Similar to a segment tree, we can prove that on each level of recursion, there will be at most 2 non-trivial interval of substring A,2 non-trivial interval of substring B,so the maximal non-trivial requests on each level is 4.

thus,the time complexity for the recursive algorithm is proved O(k).

I don't think it's that simple or perhaps I misunderstood something. You say that a single request on level p results in 4 requests on level p-1. This gives you exponential time complexity, not linear.

It's correct that single request on level P can result in 4 requests on level p-1, but this means all 4 requests on level p-1 are non-trivial. That is, No more non-trivial requests on level p-1. Linear time complexity still hold.

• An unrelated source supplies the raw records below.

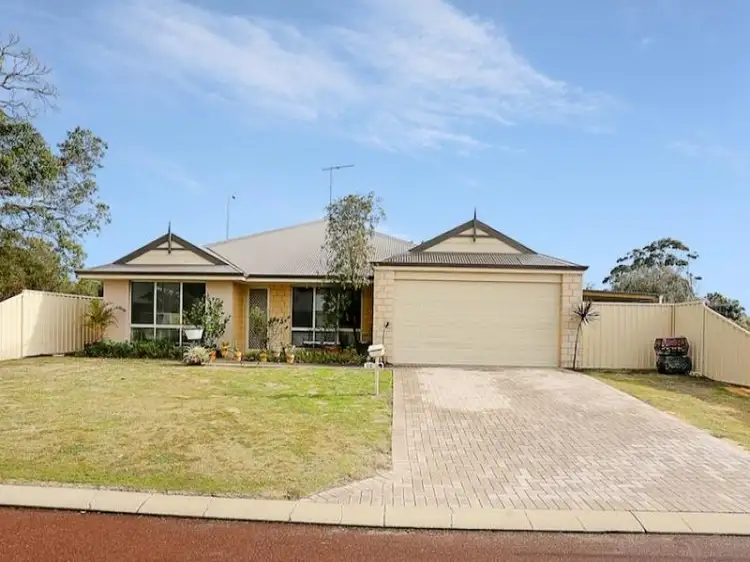 10 Zendora Court, Falcon WA 6210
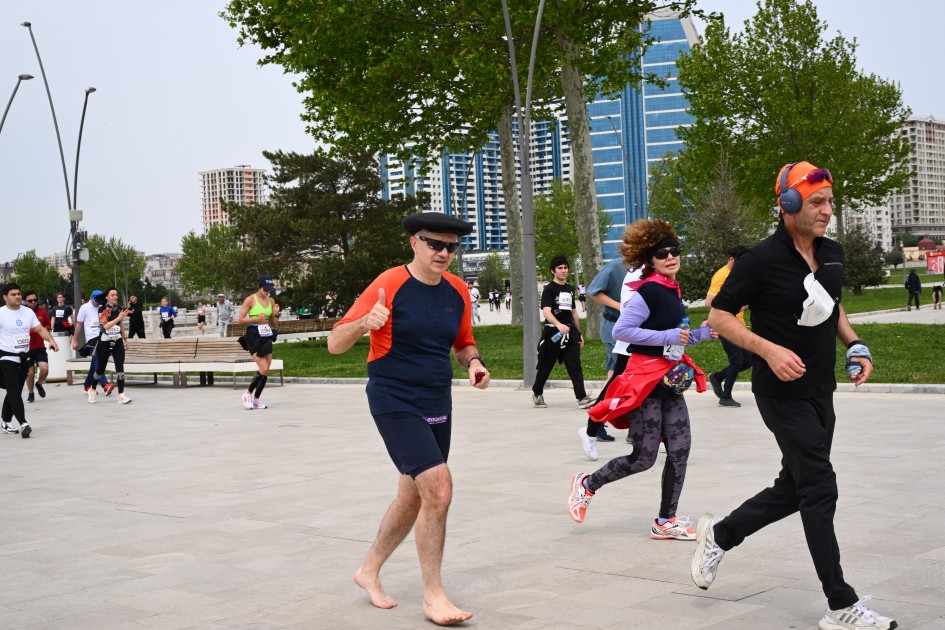 Küləyə qarşı qaçıb qalib oldular - YENİLƏNİB (FOTOLAR)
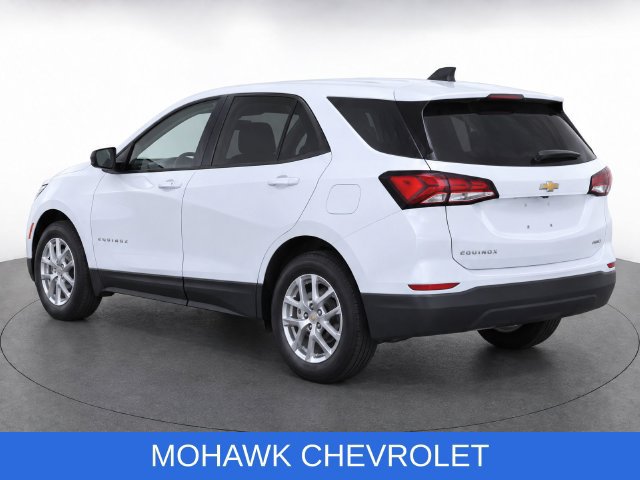 Used 2022 Chevrolet Equinox LS w/ LS Convenience Package AWD/4WD image 3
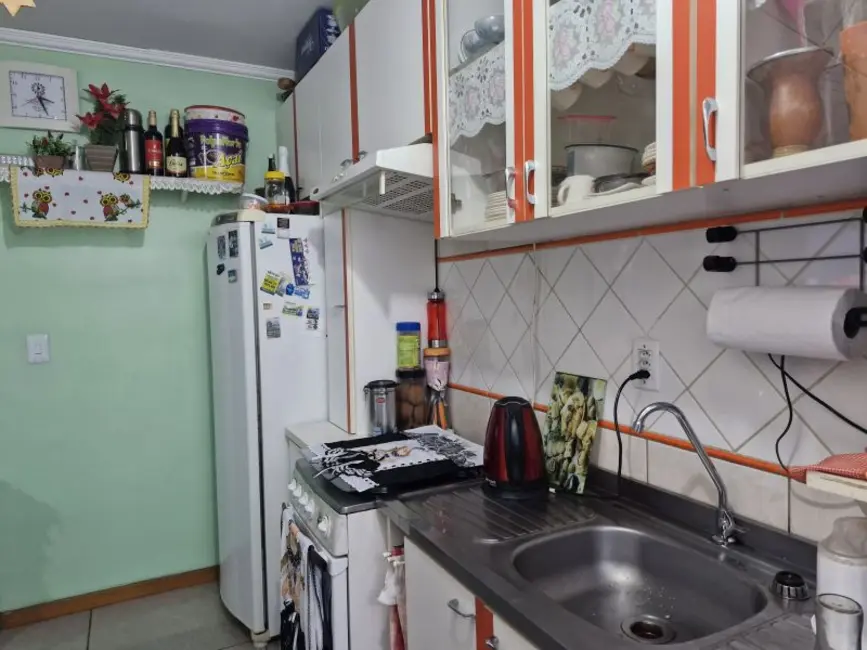 Foto 9 de Apartamento com 2 quartos à venda, 37m2 em Porto Alegre - RS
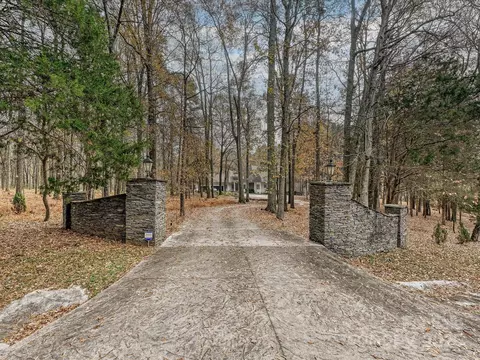 1609 Walden Pond 2829 Ln #28&29, Waxhaw, NC 28173
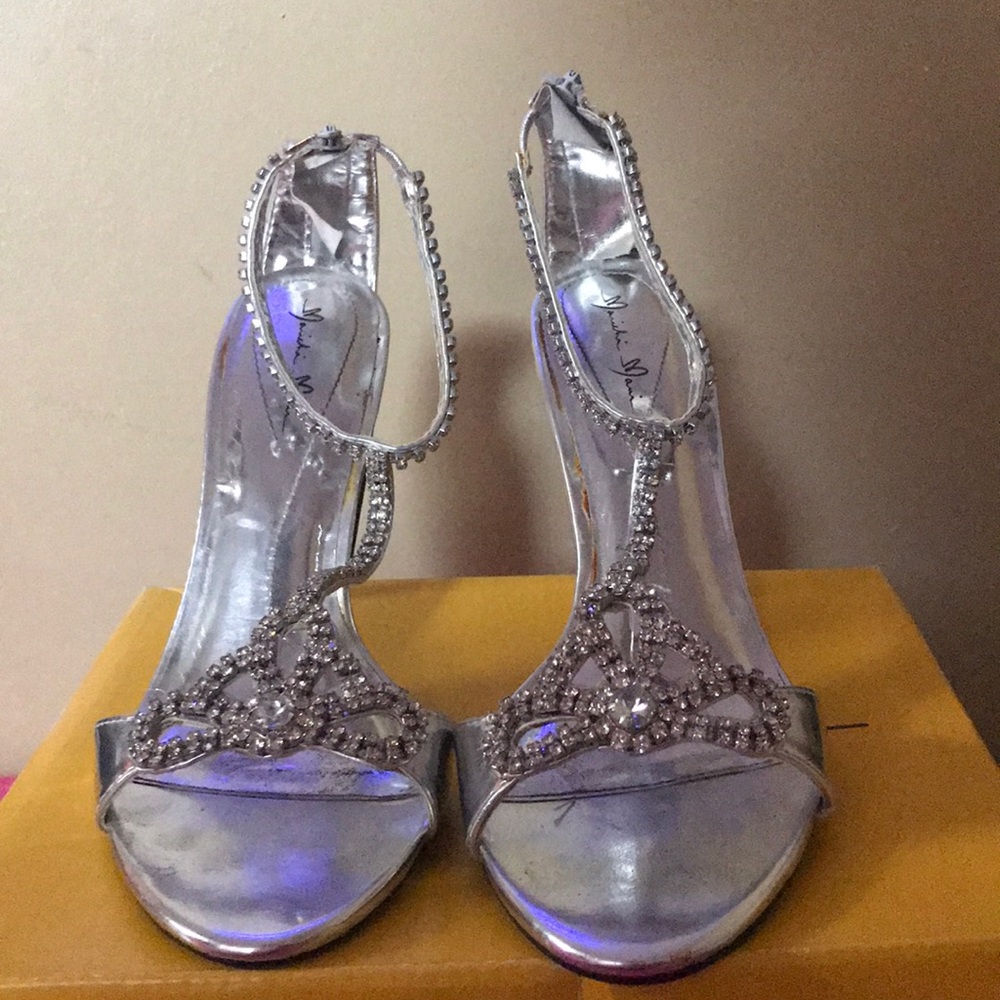 Diamond stoned heels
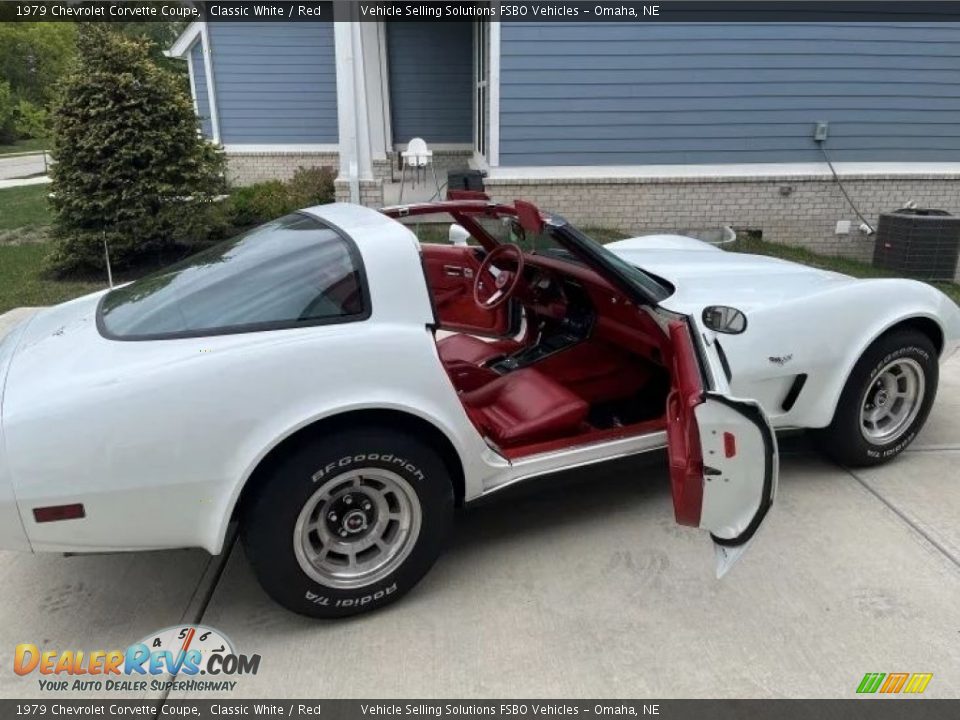 1979 Chevrolet Corvette Coupe Classic White / Red Photo #20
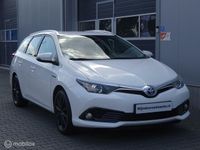 tweedehands Toyota Auris 1.8 hybrid Station, Dealer, Led, Navi, Camera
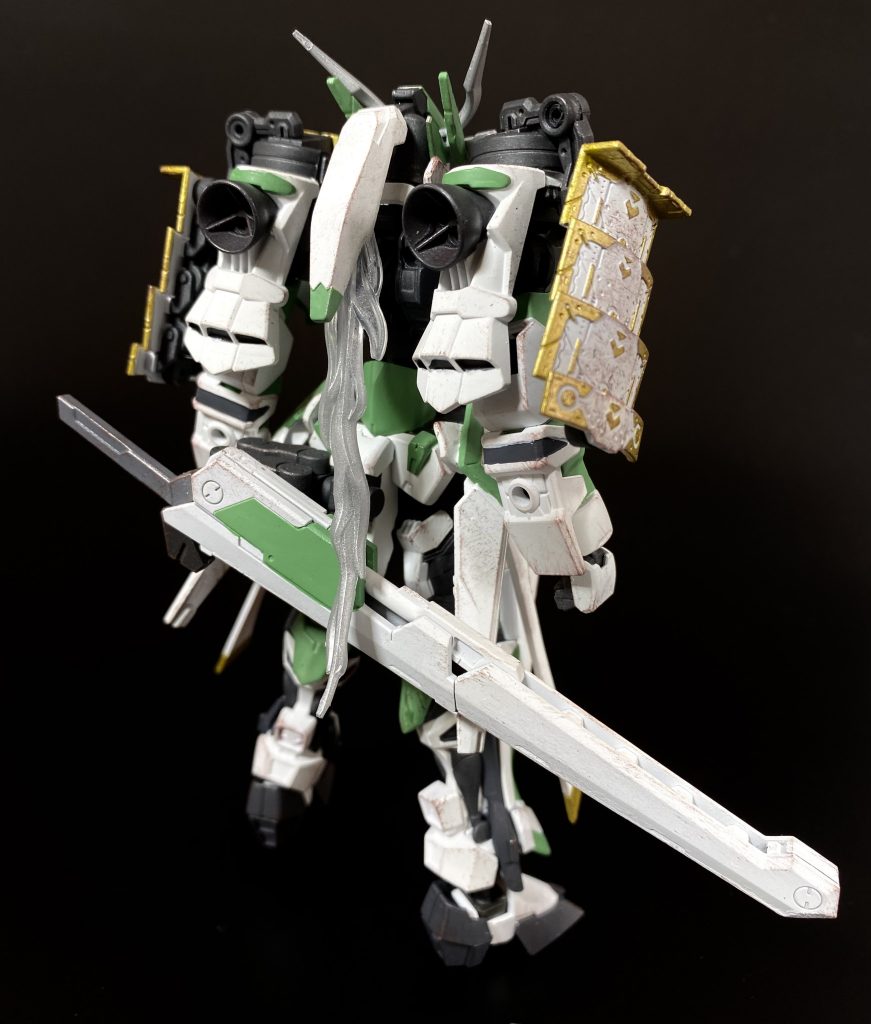 いつもの正面&バックの画像です^^グシオンリベイクの胴体をベースにフルシティの腕、フラウロスの頭、ロードアストレイダブルリベイクの脚を組み合わせ、戦国アストレイのパーツで武者感を追加しています。セレーム・サリフという名前は、モンゴル語で風の剣を意味しており、その風のイメージに合わせて若草色を軸に配色を考えてみました。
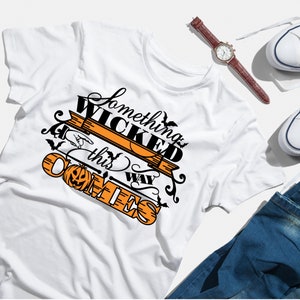 Something Wicked Women&#39;s Halloween Shirt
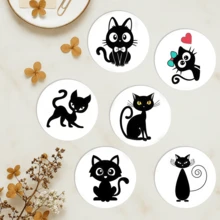 极简主义黑色猫咪剪影圆形杯垫，以极简风格呈现各种形状的黑色猫咪剪影，线条简洁流畅，视觉层次轻盈，兼具极简主义和可爱美学。 - 木板-杯墊圓 - 查看 2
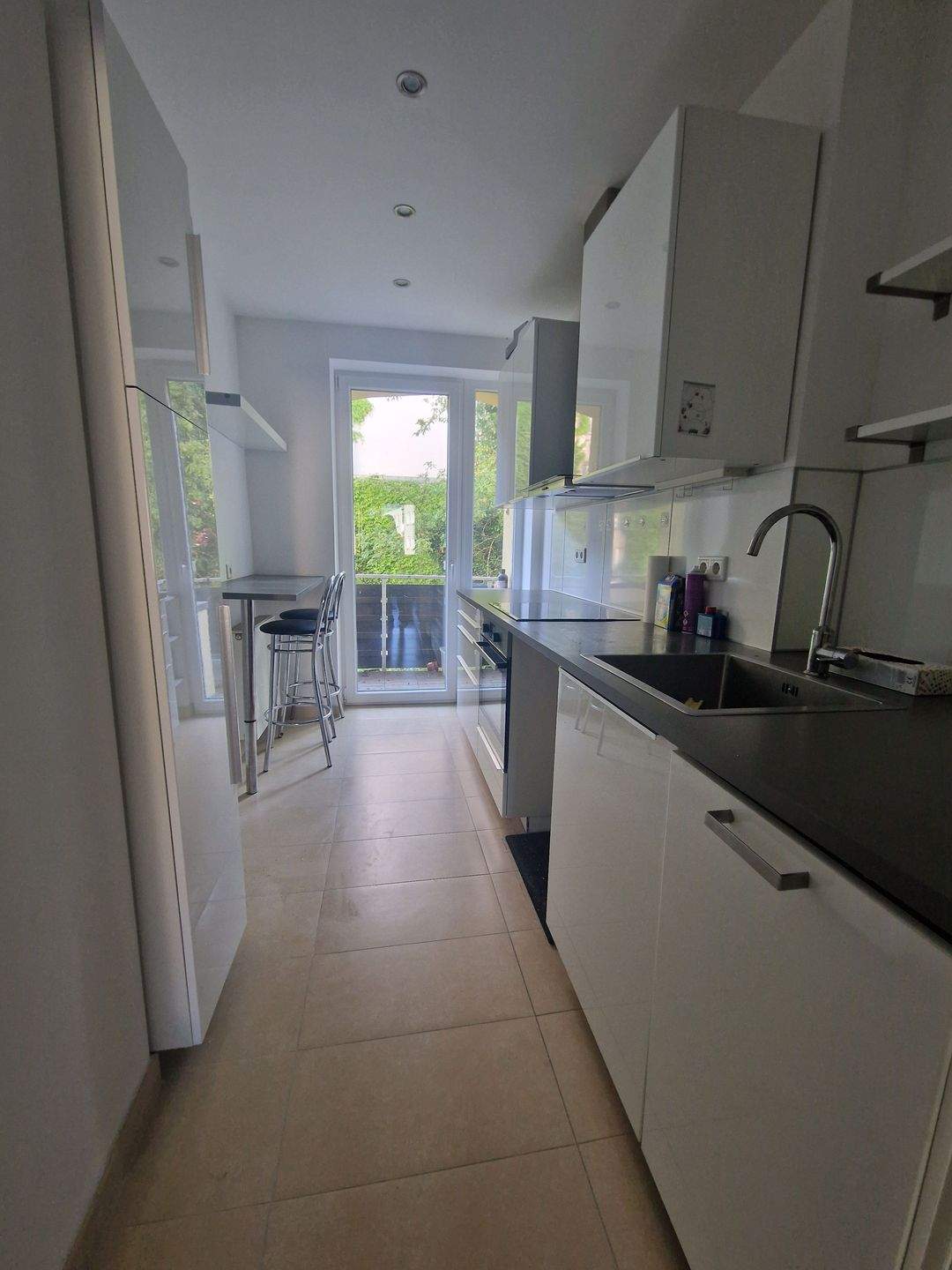Modern sanierte Altbauwohnung mit Flair – Nürnberg – Vorschaubild 2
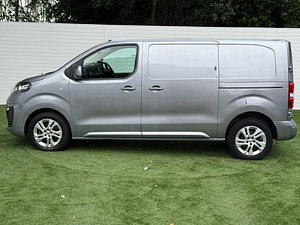 Vauxhall Vivaro thumbnail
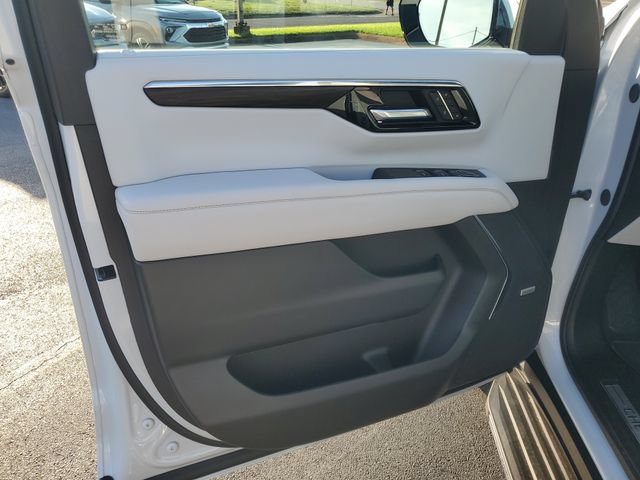 Used 2026 Chevrolet Tahoe Premier w/ Sun And Tow Package RWD image 25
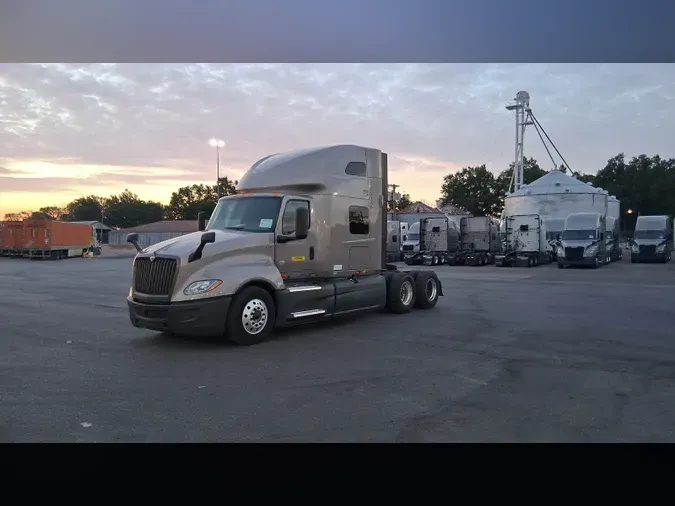 2022 International LT851cea6a82c82744b2a9fd8912d6d239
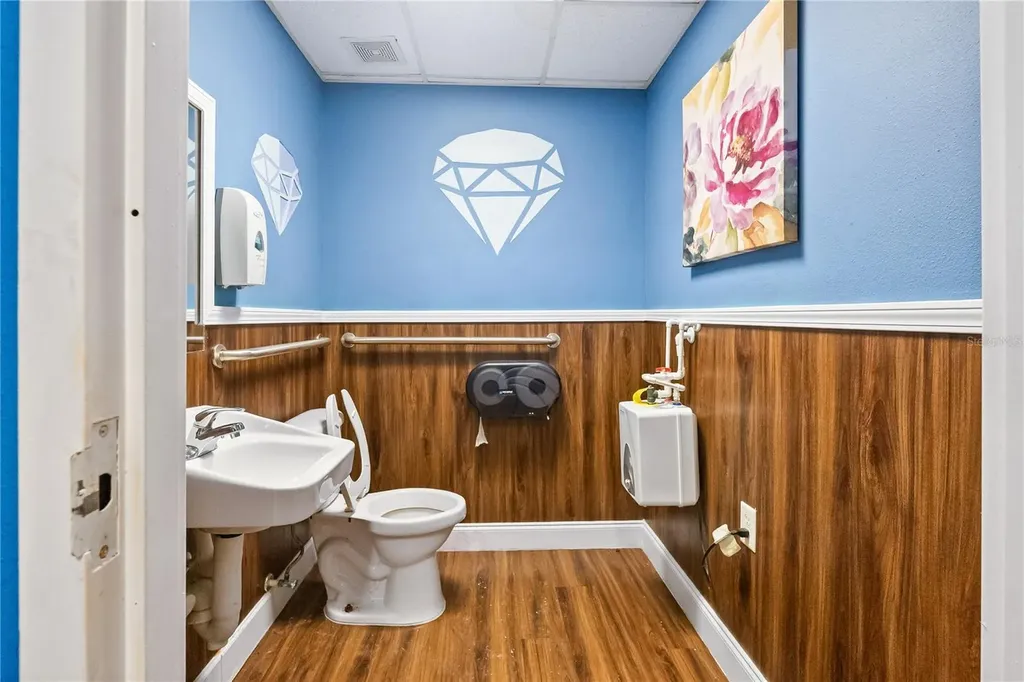 25010 Us Highway 27 Leesburg FL 34748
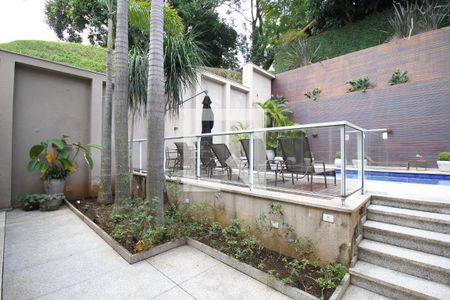 Casa de condomínio à venda com 805m², 4 quartos e 4 vagasPiscina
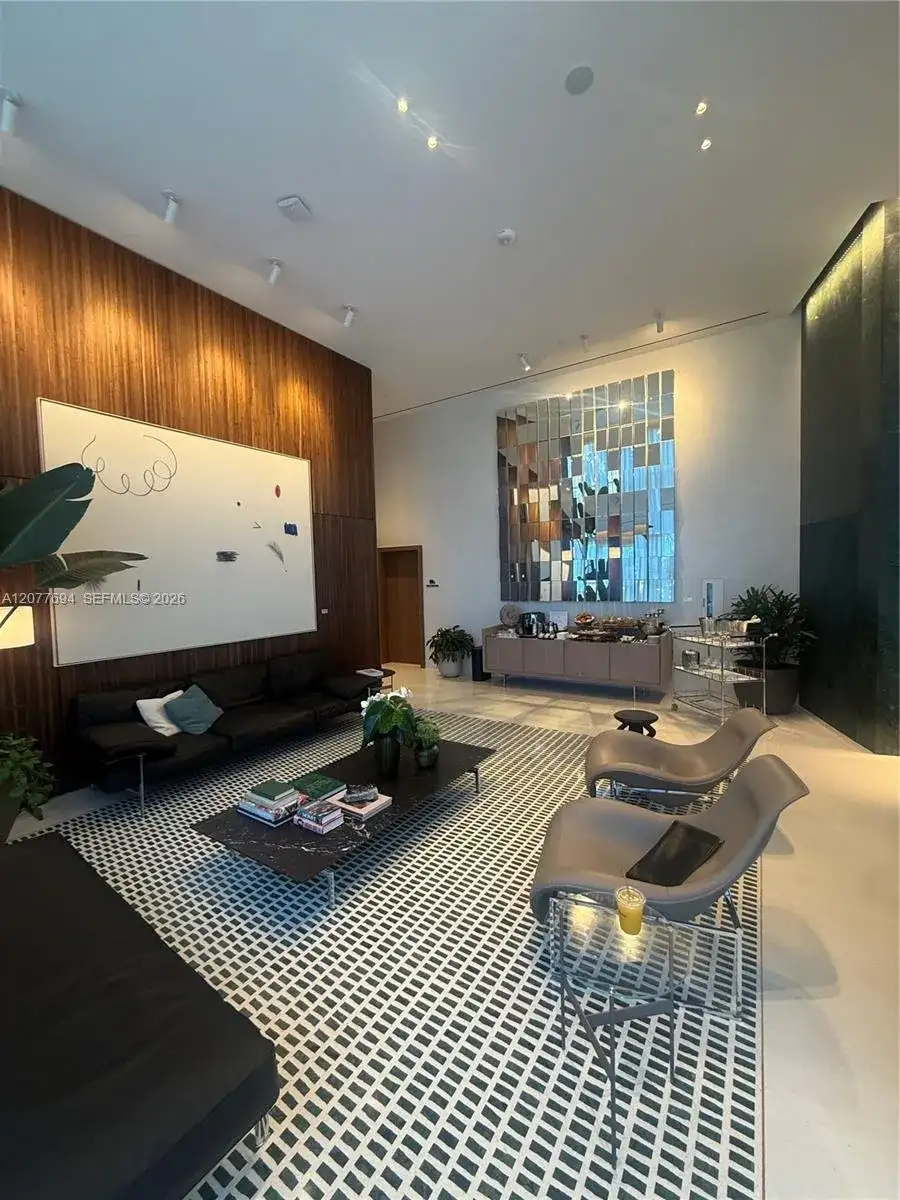 1400 Biscayne Blvd # 209, Miami FL 33132 photo 3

If you dont understand, think why a interval on a segment tree can be divided into two intervals on next level, but its time complexity is O(h),not O(2^h), where h is the height of segment tree.(at most two non-trivial intervals on each level.)

(Sorry for my poor expression...As a Chinese,I'm not a native speaker of English.)

I disagree that all 4 requests are trivial. I'll give an example with k=3. Lets say we have the following request L1=3, R1=6, L2=5, R2=12. We divide it into two requests on level k-1: L1=3, R1=6, L2=5, R2=7 and L1=3, R1=6, L2=1, R2=4. These two requests are not trivial. You would have to go at least one step further to prove that you are left with just trivial requests in some small, constant number of steps.

What's written before is "this means all 4 requests on level p-1 are

non-trivial." I think your example makes no sense this time.I want to ask that can Problem D is solvable by applying DFS of k length on each and every vertices??? Please reply admin...

If you try that on the following graph:

you would perform O(n^2) operations when k >= 2.

I have written a tutorial about VK practice session but I can't attach it to the corresponding site. What can I do?

In problem D's tutorial(above), for each v, d[v][0]=0;

Now for first test case,

for vertex 2, first value is 1. for second value- 0.5(d[3][0]*(d[2][1]-d[3][0])) + 0.5(d[5][0]*(d[2][1]-d[5][0])) = 0(as d[3][0]=0 and d[5][0]=0), but shouldn't it be 1(for path 3->5). Please tell me where am i going wrong.

Thanks..

d[v][0]=1 ( Base Case ).

Because the vertex v is itself a part of its subtree.

Taking d[v][0]=0 gives wrong answer.

For the problem D: "The number of ways of length k, starting in the subtree of v and finishing in the subtree of v. This equals the sum for every son u of v the value: 0.5.(sum for x=1 to k-1 :: (d[u][x-1](d[v][k-x]-d[u][k-x-1]) ) )"

Can anyone please explain this line? how does this expression evaluates the quoted part of the answer in the tutorial?

Can someone explain the recurrence relation for problem D?

How did they get d[u][x-1](d[v][k-x] — d[u][k-x-1])?

We are iterating over the subtree where one end of the path is (u). The path consists of two segments: - one inside of u's subtree (length is x, which we apart iterate over), there are d[u][x-1] of them - another one outside of u's subtree (but still within v's subtree), the length of this segments is k-x (counting from v); there are d[v][k-x]-d[u][k-x-1] of them

Give or take ±1 everywhere:) it's been 8 years after all.

Why did they subtract d[u][x-1] — d[u][k-x-1]?

Sorry, I'm new to dp so I don't know how to get the recurrence relation.

It's a bit different as compared to what you wrote.

The overall amount of vertices in v's subtree on depth (k-x) is d[v][k-x]. We should not count the vertices that are in u's subtree though, because in this case we are looking only at the paths that would go through v. So we have to subtract that amount, which is d[u][k-x-1]. The (-1) here is because u is exactly one level below v.

I think this dp problem is too hard for me. Thanks for the help anyway.